◆ WHAT YOU WILL DO: Please find every line in the entries below that contains the string "leaves", and copy it.
Start of THE DATA
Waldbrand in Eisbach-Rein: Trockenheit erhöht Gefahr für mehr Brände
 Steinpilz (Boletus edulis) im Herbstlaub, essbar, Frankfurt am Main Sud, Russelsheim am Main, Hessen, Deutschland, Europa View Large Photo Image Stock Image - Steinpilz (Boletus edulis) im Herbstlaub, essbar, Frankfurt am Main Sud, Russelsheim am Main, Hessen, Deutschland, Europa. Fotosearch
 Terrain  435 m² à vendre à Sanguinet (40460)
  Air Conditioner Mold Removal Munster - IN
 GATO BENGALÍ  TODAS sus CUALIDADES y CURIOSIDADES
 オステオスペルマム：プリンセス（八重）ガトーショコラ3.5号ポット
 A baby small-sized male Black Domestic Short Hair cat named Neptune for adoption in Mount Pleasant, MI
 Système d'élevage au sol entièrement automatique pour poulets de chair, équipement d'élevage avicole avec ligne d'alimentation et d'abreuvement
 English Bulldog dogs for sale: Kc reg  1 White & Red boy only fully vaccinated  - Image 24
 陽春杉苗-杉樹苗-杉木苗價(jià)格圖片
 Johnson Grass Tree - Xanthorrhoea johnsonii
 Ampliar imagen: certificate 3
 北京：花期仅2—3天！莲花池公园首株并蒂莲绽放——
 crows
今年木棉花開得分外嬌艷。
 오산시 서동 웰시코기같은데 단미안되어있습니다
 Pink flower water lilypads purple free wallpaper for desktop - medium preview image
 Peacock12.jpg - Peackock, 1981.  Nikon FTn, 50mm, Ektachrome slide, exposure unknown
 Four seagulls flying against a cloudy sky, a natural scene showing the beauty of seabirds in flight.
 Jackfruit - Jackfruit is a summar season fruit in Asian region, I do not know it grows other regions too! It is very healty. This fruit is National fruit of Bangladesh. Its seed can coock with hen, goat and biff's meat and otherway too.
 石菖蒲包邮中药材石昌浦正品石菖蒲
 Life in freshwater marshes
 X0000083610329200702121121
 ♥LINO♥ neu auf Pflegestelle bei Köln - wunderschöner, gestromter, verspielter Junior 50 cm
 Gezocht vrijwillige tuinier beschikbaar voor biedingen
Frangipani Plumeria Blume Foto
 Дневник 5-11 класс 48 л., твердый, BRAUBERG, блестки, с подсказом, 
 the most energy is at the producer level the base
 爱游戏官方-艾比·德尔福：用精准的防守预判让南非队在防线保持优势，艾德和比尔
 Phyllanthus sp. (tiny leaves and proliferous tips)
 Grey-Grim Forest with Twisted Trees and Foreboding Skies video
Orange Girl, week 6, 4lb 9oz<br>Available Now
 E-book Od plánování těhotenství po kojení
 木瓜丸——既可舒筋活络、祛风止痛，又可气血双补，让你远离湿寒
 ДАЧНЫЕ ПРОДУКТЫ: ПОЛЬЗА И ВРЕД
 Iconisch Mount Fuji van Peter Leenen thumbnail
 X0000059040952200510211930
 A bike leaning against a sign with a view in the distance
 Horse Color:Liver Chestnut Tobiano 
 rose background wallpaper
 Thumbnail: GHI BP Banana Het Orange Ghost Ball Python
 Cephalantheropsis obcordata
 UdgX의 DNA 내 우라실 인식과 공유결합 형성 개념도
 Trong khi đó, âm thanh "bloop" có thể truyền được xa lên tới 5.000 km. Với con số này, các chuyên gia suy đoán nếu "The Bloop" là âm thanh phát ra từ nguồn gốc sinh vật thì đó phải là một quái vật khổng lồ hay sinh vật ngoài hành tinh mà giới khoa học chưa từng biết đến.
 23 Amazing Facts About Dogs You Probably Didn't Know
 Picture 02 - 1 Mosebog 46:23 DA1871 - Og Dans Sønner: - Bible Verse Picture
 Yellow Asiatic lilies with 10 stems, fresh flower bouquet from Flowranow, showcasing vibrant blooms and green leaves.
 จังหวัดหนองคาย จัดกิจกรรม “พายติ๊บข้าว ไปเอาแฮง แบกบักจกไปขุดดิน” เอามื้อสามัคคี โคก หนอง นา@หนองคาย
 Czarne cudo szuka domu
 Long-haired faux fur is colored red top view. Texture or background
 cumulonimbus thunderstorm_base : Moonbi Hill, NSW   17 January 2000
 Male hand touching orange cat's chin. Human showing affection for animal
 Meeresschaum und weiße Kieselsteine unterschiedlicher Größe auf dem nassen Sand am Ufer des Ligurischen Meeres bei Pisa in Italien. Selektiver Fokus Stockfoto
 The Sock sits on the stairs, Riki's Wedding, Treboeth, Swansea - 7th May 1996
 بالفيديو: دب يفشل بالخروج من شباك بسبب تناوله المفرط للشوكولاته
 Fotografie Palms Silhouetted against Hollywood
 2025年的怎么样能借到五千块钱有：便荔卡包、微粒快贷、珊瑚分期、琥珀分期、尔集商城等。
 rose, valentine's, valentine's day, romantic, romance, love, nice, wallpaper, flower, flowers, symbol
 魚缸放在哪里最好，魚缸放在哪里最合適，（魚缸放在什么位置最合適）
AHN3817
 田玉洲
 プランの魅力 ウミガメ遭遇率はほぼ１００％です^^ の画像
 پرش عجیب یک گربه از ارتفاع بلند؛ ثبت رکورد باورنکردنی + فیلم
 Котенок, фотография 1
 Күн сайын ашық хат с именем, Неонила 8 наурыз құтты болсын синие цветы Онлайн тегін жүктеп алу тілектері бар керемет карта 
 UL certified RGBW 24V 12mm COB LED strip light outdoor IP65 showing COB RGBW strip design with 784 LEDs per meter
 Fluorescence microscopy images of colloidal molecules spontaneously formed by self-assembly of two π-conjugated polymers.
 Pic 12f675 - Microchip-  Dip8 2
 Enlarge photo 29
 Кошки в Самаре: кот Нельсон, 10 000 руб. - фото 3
End of THE DATA
◆ RESULT BELOW:
 Phyllanthus sp. (tiny leaves and proliferous tips)
 Yellow Asiatic lilies with 10 stems, fresh flower bouquet from Flowranow, showcasing vibrant blooms and green leaves.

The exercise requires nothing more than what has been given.